Now we’ve got that cleared up, hopefully it is clearer what this is not about, and time to get ‘on-message’. For far too long, shops and advertising agencies have been force-feeding us with their products and information. We’ve been hearing, seeing, drinking, and eating what they’ve been producing, and it is sticking in the throat (the more so for the endless build-up to the festive orgy of consumption, followed by January pseudo-discounts to try to spin out the hard-core orgy funsters).
Why have we had enough? Surely ‘the consumer is king’ (sic), and that’s a good feeling? One of capitalism’s major flaws is that it is over-profligate at producing goods, so it is in constant danger of over-production and slump. To keep it going, we have to crown the consumer and urge them to eat cake and keep on having another piece. Not surprising that masses of people are reaching vomiting point. I wonder if kings long to be just left alone and treated normally.

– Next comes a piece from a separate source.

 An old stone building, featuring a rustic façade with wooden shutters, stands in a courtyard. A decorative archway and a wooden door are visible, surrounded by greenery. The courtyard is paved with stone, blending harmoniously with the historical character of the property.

There are so many reasons why consumerism is crap, it is difficult to know where to start. You know that as soon as you start opening up the gates, you are going to get drowned in the flood. Crap goods, obsolescence, slave labour, global destruction, climate change, junk food, in fact, junk everywhere… But I will start in the middle (Consuming Issues), with that creeping uneasiness that consumerism causes; the feeling that you need to run to stand still these days just to keep up with where, what and how to get stuff; wondering what the Jones’ have and if you are up with them; balancing being ‘individual’ yet ‘in’ enough, wearing the right image; culminating in fear and alienation (OK, that last bit might just be me, then). Maybe instead of asking ‘Is shopping a Human Right?’, we should be asking ‘can you please stop stuffing cakes in my mouth?’

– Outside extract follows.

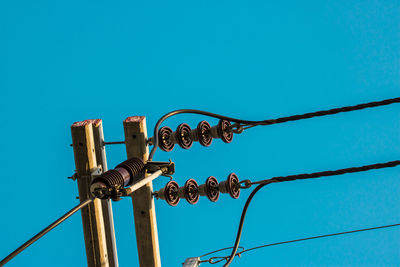 Low angle view of telephone pole against blue sky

At random, next up is the global environment (Sense and sustainability). The idea of a sustainable future is so conceptually simple, it is baffling why there are hundred of definitions of sustainability knocking about. Once again, capitalism creates a conjuring trick, with a whirl of the hands and deft concealment, in a vain attempt to hide the fact that is so obvious: Capitalism is about as sustainable and restrained as a school of small children in a sweet shop. Left to it, there will be nothing but sweet wrappers and tummy aches, and pools of vomit. As vomiting keeps coming up, it seems sensible to talk food. Since we can’t limitlessly increase our consumption of food, capitalism has to find ways of screwing a profit out of it, so it provides ‘value added foods’ and very cheaply, mass-produced stuff which is unhealthy but profitable (Are we what we eat?). 24% of UK pigs now have salmonella in their guts, and this new epidemic is being kept under wraps because the government knows we remember BSE, ecoli, FMD, etc., and we are literally sick (oops, there we go again) of shit food and the misery bound up in the food production system.

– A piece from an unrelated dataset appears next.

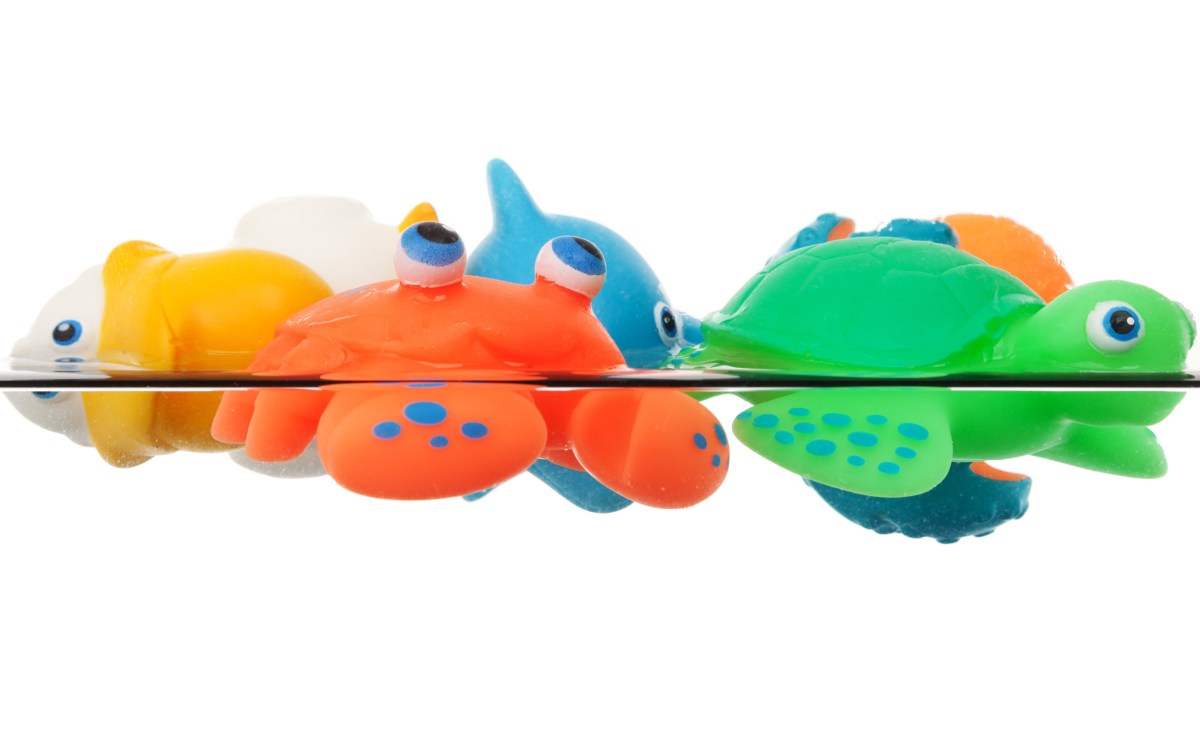 Plastic toys floating on water.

Finally for today, is the big GAP that consumerism has created between rich and poor (Mass-producing Poverty). Incidentally, GAP is the US’s biggest retailer and the biggest abuser of workers. Thanks to anti-GAP campaigns, we all know they use arm’s-length contracts to pay peanuts and fatten profits. UNITE (the US labour union) recently visited GAP factories around the world and found widescale evidence of physical abuse, abysmal health and safety and pay and conditions, and generally a barbaric and inhumane picture of GAP’s clothes production.
If Bush can get a majority, anything can happen. Authoritarians will play their ‘them and us’ cards until we don’t buy it any more. Then, their game is over and the future is ours. As soon as the shops shut, let’s go for it.